Other proposed solutions include not awarding a free base if the ball strikes the protective gear, which raises a whole other set of enforcement questions, and banning pads entirely, which would put players at greater risk of injury.
This last issue, though, is more complicated than it first seems. A player wearing padding may intentionally hang in on pitches trying to get hit, putting himself at far greater risk of being hit in an unprotected location.
For a good parallel, check out this article on NASCAR, where it appears that safety improvements result in more dangerous behavior and more accidents.
If allowing players to have pads has a similar effect, and the net result is more injuries, then the solution of banning protective padding entirely may actually end up reducing the number of hit batters and reduce the number of resulting injuries, by forcing players to act more safely.
5 comments ↓
I poked around unsuccessfully for some specific evidence of this, but it seems to me that football could be an extreme example of this phenomenon. It seems like increased padding and protective gear have contributed to making the game more violent, leading either to more injuries or making those injuries that do occur much more catastrophic.

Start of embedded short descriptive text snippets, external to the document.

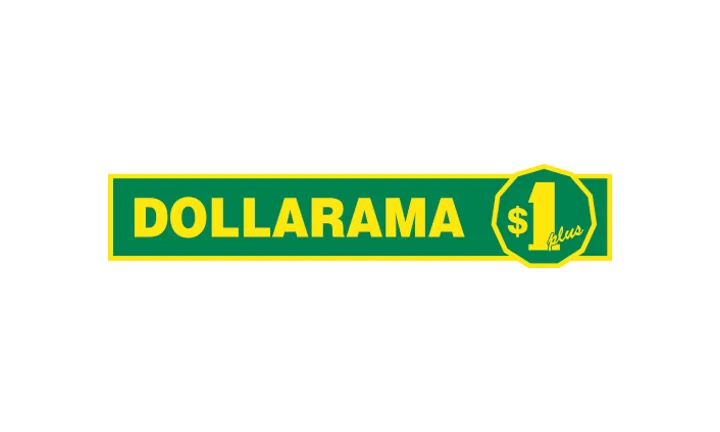 Dollarama Canada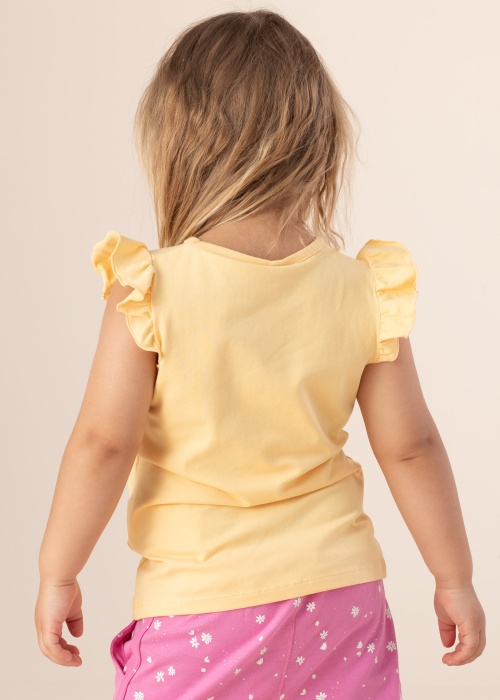 Name It Mini T-särk Asana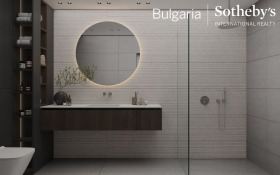  2- | Imot.bg    6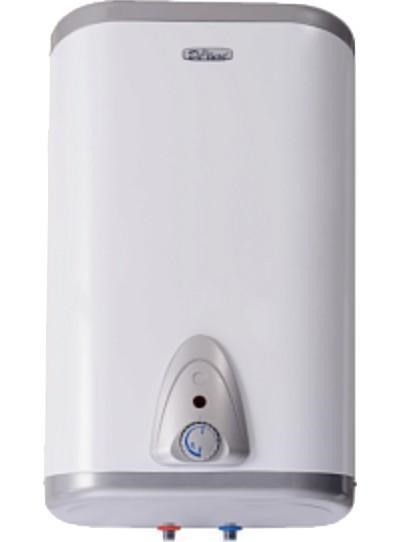 Водонагреватель ЭВАД DE LUX 5W50V1 (50л) CCCC7562 - фото 7348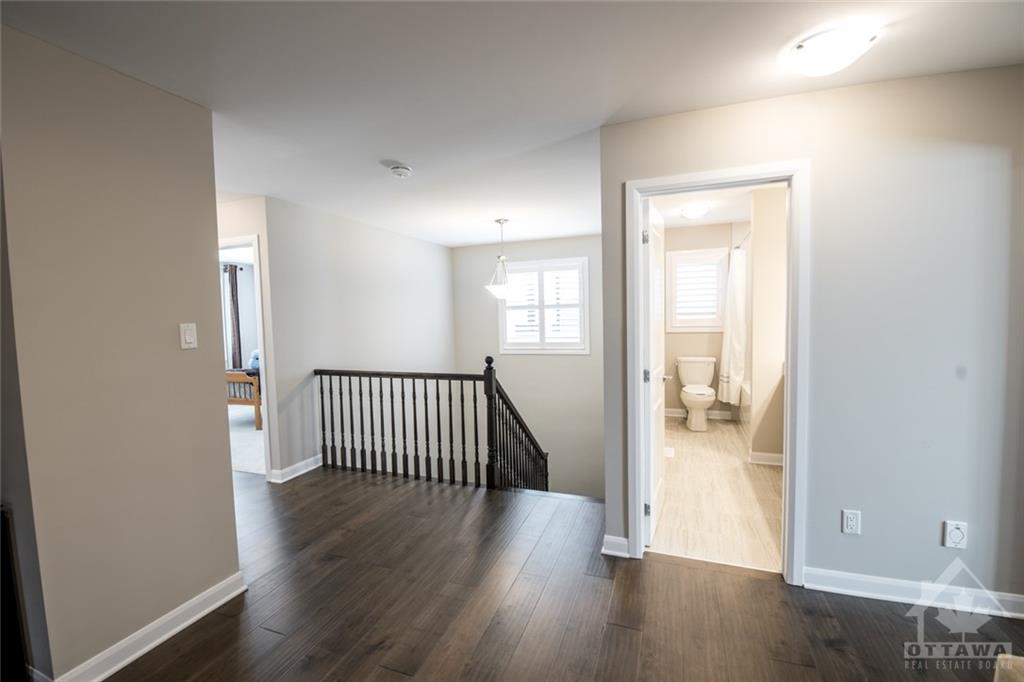 243 ALEX POLOWIN Avenue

One way baseball could approach the pad issue is to define allowed padding precisely. In theory they could go to some insane degree (“elbow pads shall not extend more than 20% of the distance from the elbow to the shoulder, nor more than 10% of the distance from the elbow to the wrist, and shall be made of polywhatever of a thickness no more than something”) but in practice they could just work with a couple of vendors to produce MLB-approved padding in a couple of sizes (Eckstein S to Sexson XL), tell players they can’t use anything else, and allow the umps to enforce it (and opposing managers to challenge it). Surely by now every piece of the body has been padded in a game at one time or another, so working out what kind of protective gear might be needed shouldn’t be so hard, and players can’t really claim they’re being left unprotected. MLB dictates hats and cleats and whatnot, so how would this be any different?
Umpires traditionally have rarely enforced the rule that states being hit by a pitch that is in the strike zone does not result in a free base
More than that, the rule that states being hit by a pitch that is out of the strike zone doesn’t result in a free base if you fail to make an effort to get out of the way. I understand why it is, practically speaking, impossible for the home plate umpire to call this. He’s got enough to worry about just calling balls and strikes. But I don’t see why the other umpires couldn’t get involved in this, the way that they are involved on check swings and so forth.

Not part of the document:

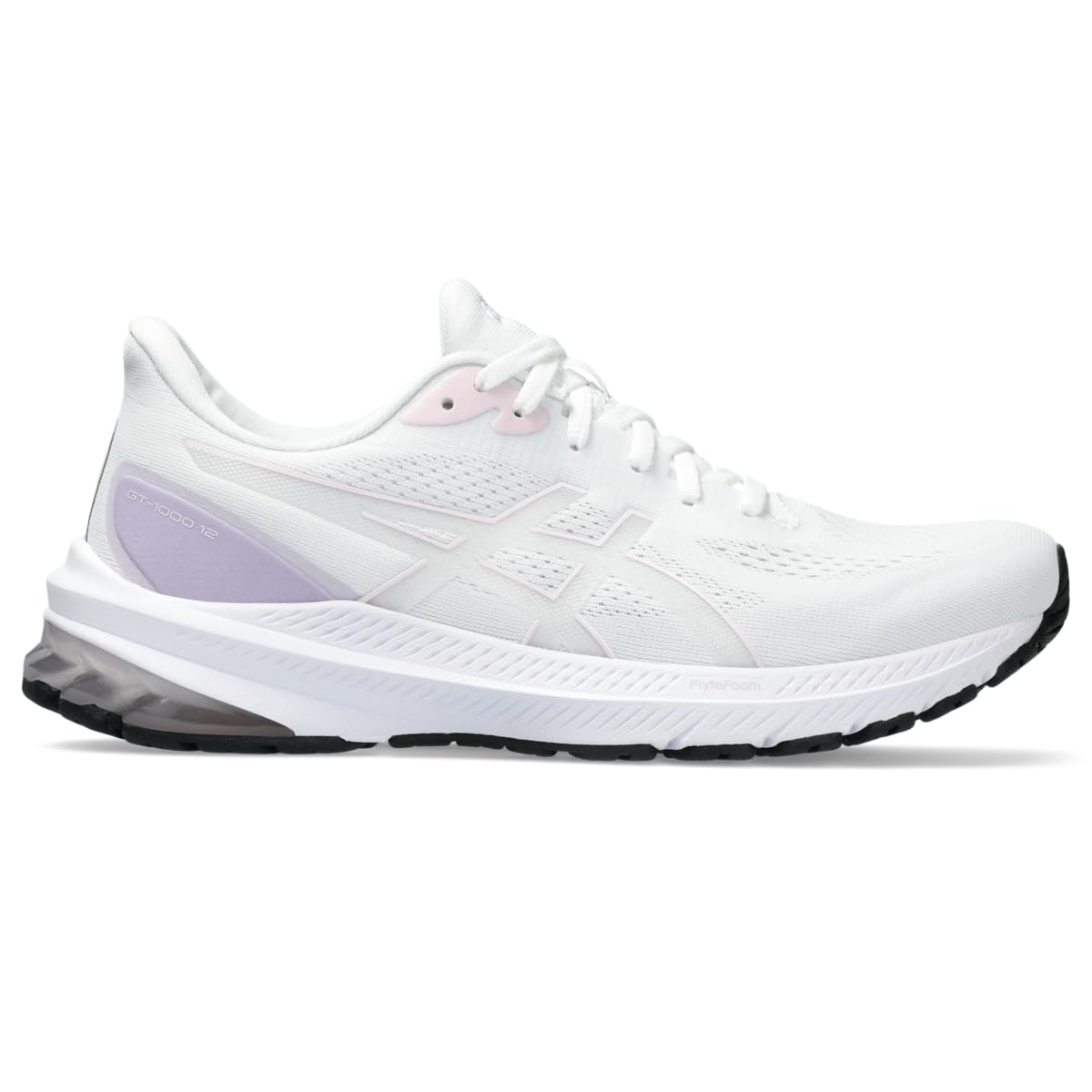 ASICSWomen's GT-1000 12 Running Shoe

It doesn’t happen all that often, but occaisionally you’ll see someone get hit by an emminently avoidable pitch without even trying to move at all, and I find it annoying that the rule isn’t enforced in those cases.
The failure to avoid rule usually only gets used if the player actively leaned into the pitch. That gets called a couple of times each season.
Exactly, being hit by a pitch should happen because of wildness from the pitcher and yet, the same players top the HBP list season after season. ESPN has a tracker going for when Biggio breaks the “record.” In a perfect world HBP’s would be spread among players indiscriminatley instead of being focused in bunches on the gritty, scrappy players.